Brief descriptive captions
*****

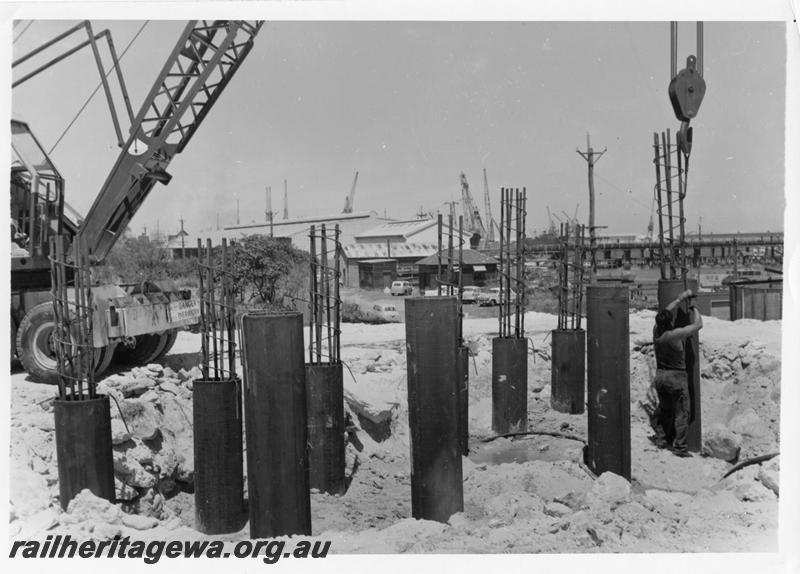 P00099
62 of 98 images showing views and aspects of the construction of the steel girder bridge with concrete pylons across the Swan River at North Fremantle.
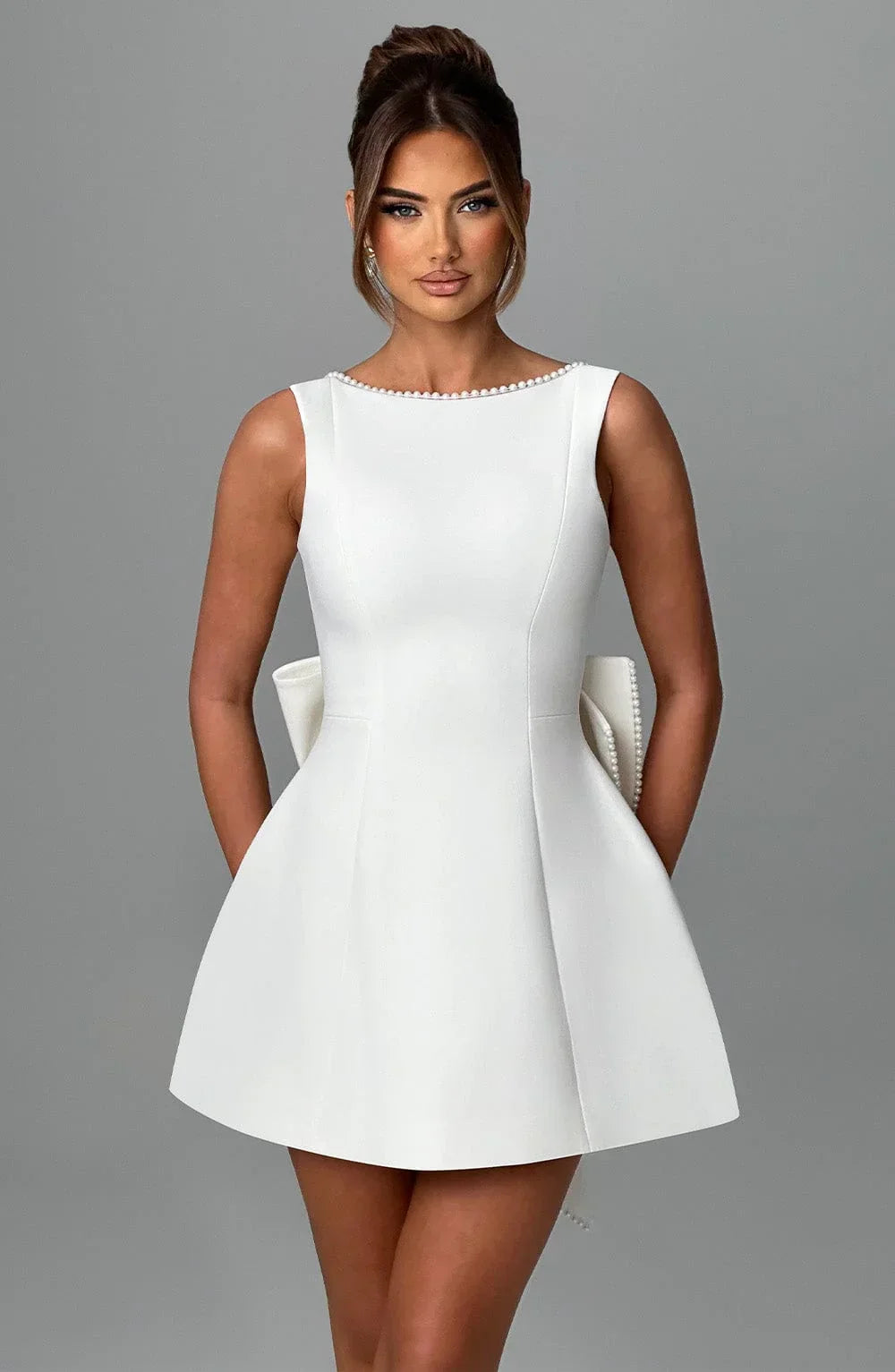 Short women's dress with decorative bow at the back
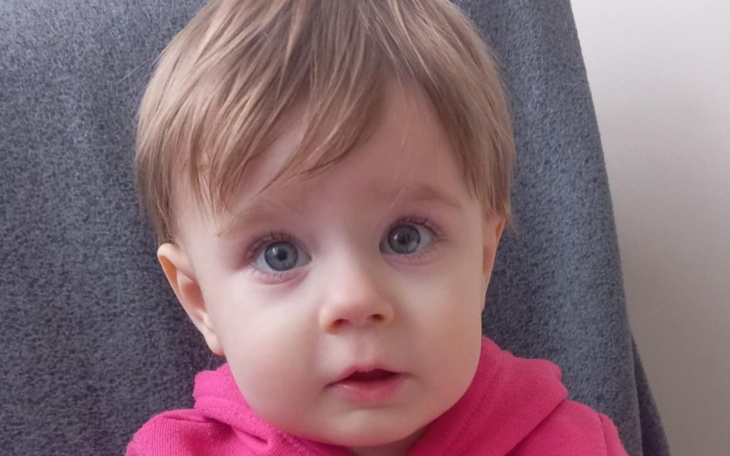 Mała dziewczynka z jasnymi oczami i blond włosami w różowym sweterku.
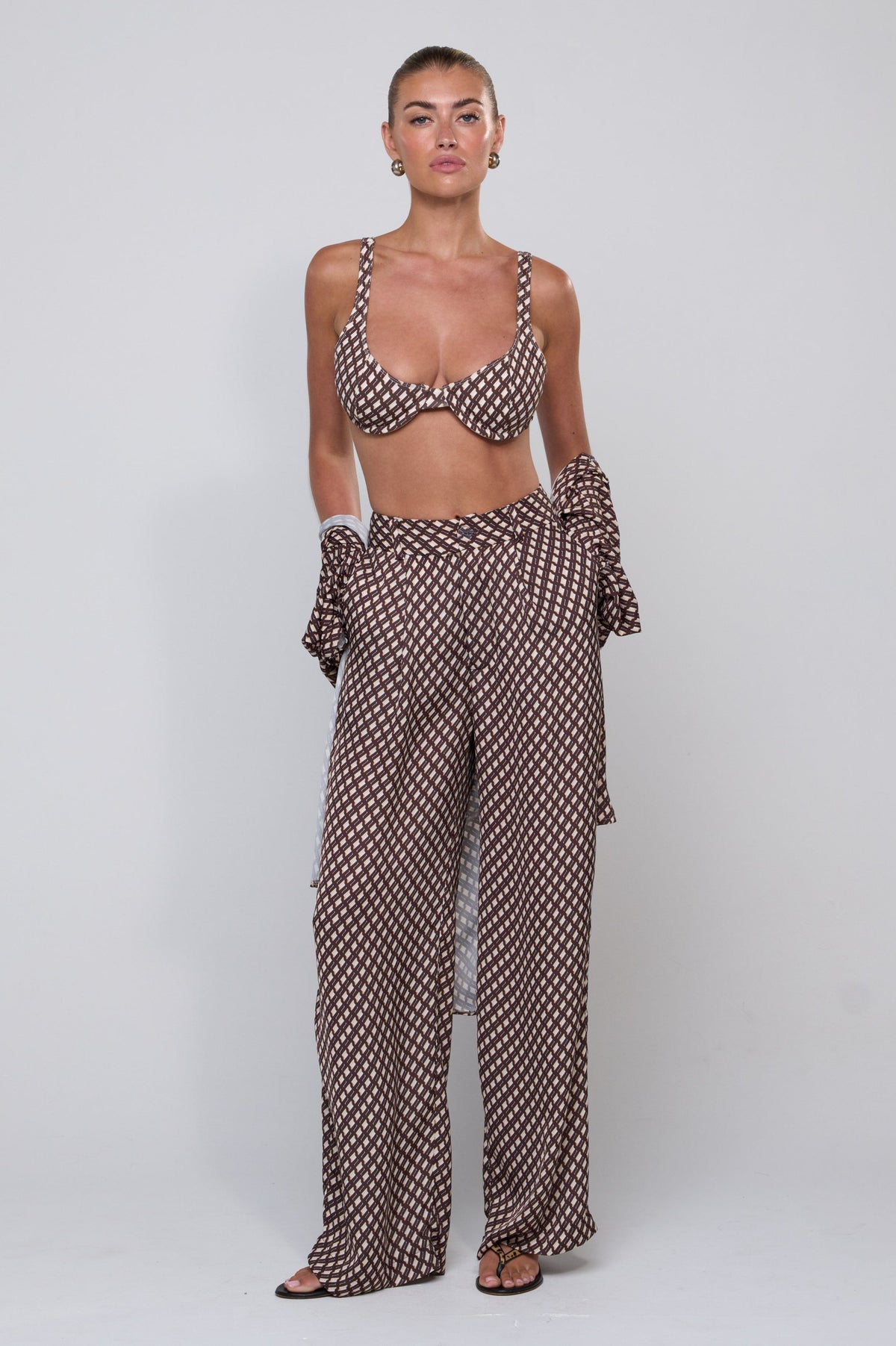 This is an image of Matty Bikini Top in Tulum - RESA featuring a model wearing the dress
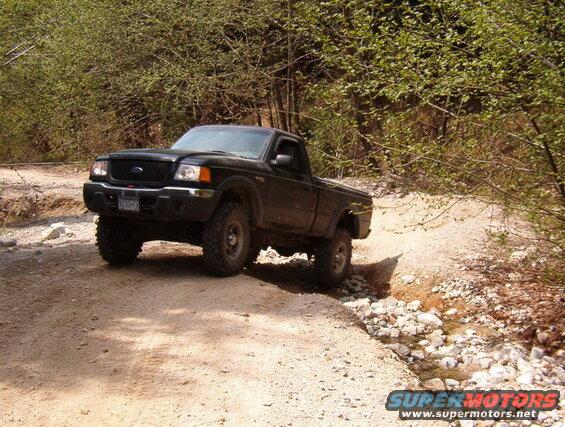 Black Ford Ranger pickup truck on a rocky off-road trail.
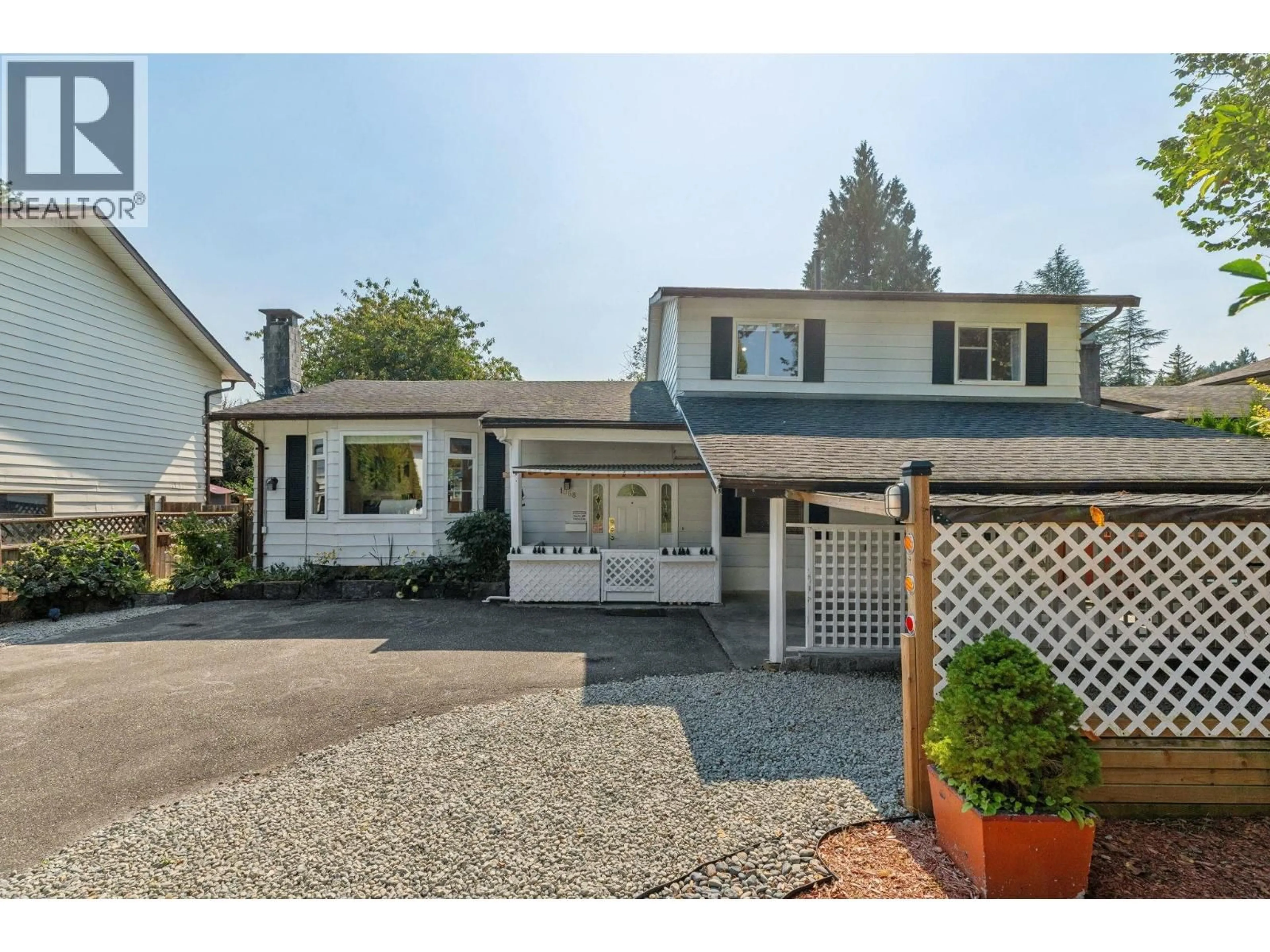Home with vinyl exterior material, street for 1068 SPRUCE AVENUE, Port Coquitlam British Columbia V3B4X6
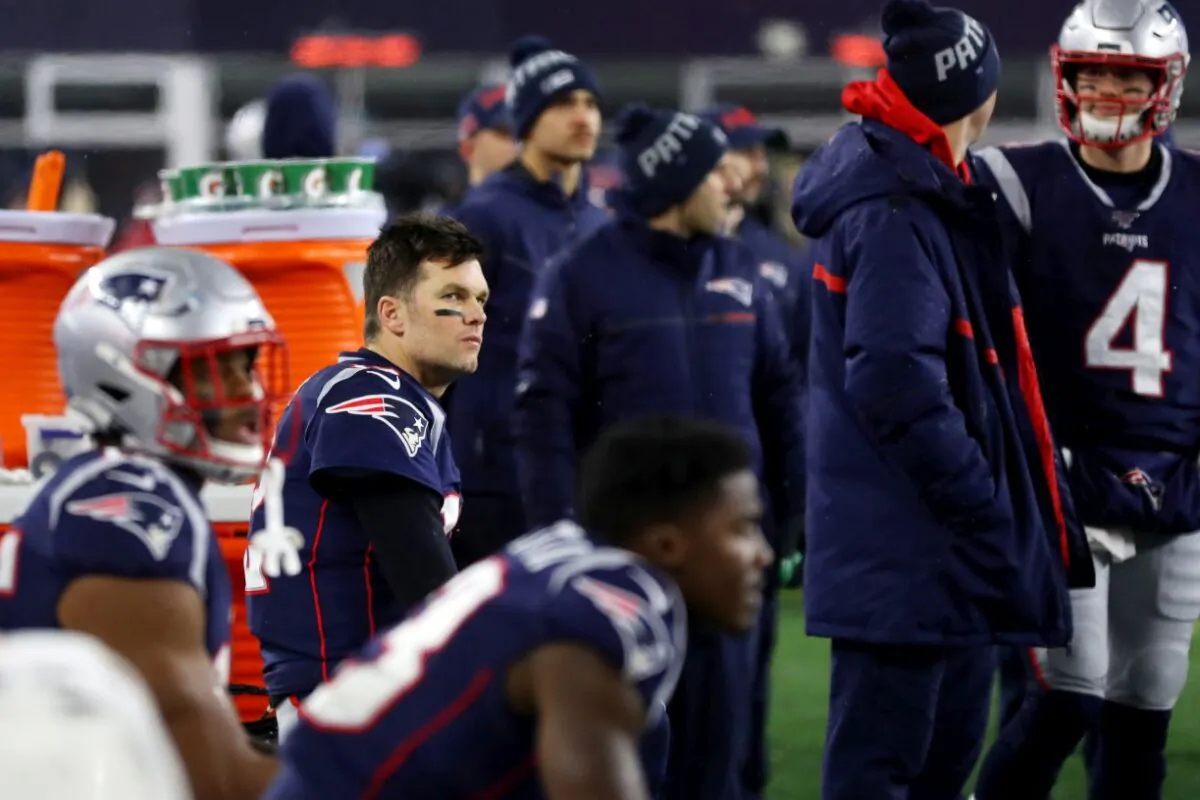 Tom Brady of the New England Patriots looks on from the bench during the fourth quarter of the AFC Wild Card Playoff game against the Tennessee Titans at Gillette Stadium in Foxborough, Mass., on Jan. 04, 2020. (Photo by Maddie Meyer/Getty Images)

*****

Task: The reply should hold the lines from the top of the records through the line containing "Short women's dress", reproduced exactly, and no pictures.

Task response:
 P00099
62 of 98 images showing views and aspects of the construction of the steel girder bridge with concrete pylons across the Swan River at North Fremantle.
 Short women's dress with decorative bow at the back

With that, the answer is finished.